The overland party under Wilson Price Hunt left St. Louis March 1811, crossed Union Pass and headed up the Snake River where they found game scarce, split up, got lost, and had to resort to eating their own moccasins and drinking their own waste fluids. Morale was poor, and by the time the last of Hunt’s party straggled into Fort Astor in February, 1812, the Tonquin had been blown up by its last surviving crew member at Nootka Sound off Vancouver Island.
Hunt’s party began trading for furs in May, hoping Astor would send another ship. However, the fur trade at Astoria would only last a year, and it never prospered. Trading houses were set up side by side with those of the British North West Company, engendering much ill will and forcing traders into ruinous competition with one another. Robert Stuart and six men left Astoria late in 1812 to return overland to St. Louis and inform his superiors of the sorry state of affairs in Oregon. En route he discovered South Pass, which would be the funnel for so many covered wagons through the Rockies on the Oregon Trail.
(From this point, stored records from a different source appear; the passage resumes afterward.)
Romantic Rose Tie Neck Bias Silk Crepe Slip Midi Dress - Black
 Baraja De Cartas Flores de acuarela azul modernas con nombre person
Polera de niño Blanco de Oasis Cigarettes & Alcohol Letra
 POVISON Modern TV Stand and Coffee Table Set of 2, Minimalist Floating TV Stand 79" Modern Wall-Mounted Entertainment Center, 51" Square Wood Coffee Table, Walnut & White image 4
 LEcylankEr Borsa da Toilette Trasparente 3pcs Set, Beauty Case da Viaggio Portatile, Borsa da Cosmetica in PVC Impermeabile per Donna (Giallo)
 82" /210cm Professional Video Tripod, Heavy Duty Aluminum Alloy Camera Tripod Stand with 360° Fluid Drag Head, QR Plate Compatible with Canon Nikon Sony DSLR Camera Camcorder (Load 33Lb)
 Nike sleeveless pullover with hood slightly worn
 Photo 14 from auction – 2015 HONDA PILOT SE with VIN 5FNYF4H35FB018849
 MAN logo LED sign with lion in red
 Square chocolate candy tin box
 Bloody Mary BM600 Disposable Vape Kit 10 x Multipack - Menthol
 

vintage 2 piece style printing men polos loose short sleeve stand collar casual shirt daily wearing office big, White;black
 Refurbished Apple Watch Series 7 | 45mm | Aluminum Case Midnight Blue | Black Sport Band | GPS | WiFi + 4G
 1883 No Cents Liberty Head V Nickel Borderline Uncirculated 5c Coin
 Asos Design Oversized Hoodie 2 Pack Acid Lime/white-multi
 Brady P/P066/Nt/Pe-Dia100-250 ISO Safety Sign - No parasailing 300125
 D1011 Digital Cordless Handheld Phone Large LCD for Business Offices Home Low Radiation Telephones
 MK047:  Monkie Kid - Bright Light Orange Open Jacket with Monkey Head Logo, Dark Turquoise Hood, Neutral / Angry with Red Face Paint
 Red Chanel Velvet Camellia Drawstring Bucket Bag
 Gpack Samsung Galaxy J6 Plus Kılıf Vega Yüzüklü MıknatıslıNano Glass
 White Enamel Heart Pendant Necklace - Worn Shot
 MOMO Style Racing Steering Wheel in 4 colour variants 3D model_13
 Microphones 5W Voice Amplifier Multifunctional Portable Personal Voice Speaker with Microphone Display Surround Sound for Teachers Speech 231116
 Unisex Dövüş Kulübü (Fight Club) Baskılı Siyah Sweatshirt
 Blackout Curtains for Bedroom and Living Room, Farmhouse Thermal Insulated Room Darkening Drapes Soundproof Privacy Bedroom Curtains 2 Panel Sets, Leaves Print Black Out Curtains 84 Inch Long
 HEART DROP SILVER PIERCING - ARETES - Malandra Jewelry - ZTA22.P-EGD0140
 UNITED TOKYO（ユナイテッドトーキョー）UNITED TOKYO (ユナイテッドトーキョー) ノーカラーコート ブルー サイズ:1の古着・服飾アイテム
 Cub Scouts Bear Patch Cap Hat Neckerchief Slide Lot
In the spring of 1813, John George McTavish of the North West Company arrived at Fort Astor with news of the War of 1812. The Astorians decided to sell out to the NWC before a Royal Navy ship could arrive and seize Fort Astor as a prize of war. Some Astorians joined the NWC and others went independent.
The mountain men were now the only Americans trading furs in the Oregon Country. Armed with Hawken rifles, pistols, knives, and hatchets, the mountain men carried everything they might need with them: food, tobacco, tools, traps, and bullets. These buckskin-clad fur trappers lived the life of the Indians with whom they worked so closely. They had Indian wives, and in some cases white wives back in St. Louis, as well. They included Ewing Young, Joseph Walker, and Kit Carson. Many were mentioned in passing in the diaries of Oregon Trail emigrants. Some, such as Stephen and Joseph Meek, Old Bill Williams, Tom Fitzpatrick, and William Robidoux, even guided wagon trains to Oregon as the fur trade declined.
During the peak fur trapping years, around 100,000 beaver pelts were being consumed annually for the production of men’s top hats, and in the 1830s the Hudson’s Bay Company made a concerted effort to trap out the beaver population in Montana and Idaho, the last great concentration of the animals within legal reach of Americans. The beaver may well have been driven to extinction had silk top hats not come into fashion around the same time, all but eliminating the demand for beaver pelts. The bison of the Great Plains then became the animal most commonly hunted for its skin.
The most successful mountain man was William Ashley, who in 1822 advertised in the St. Louis Gazette for men who wanted employment for up to three years. The ad was answered by Jedediah Smith, Thomas Fitzpatrick, David Jackson, William Sublette, and Jim Bridger, who made up the Rocky Mountain Fur Company. Ashley earned $80,000 the first year and retired to politics after the second.
Ashley started the first Rocky Mountain Rendezvous in 1825. There were sixteen of these annual get-togethers. The site was predetermined, usually along Wyoming’s Green River. The first day was spent in drinking, gambling, ball playing, and racing. From the second day on, it was serious trading. Furs were sold or traded for traps, guns, ammunition, knives, tobacco, and liquor (at $64 a gallon!), all of which had to be brought from St. Louis. The last Rocky Mountain Rendezvous was in 1840.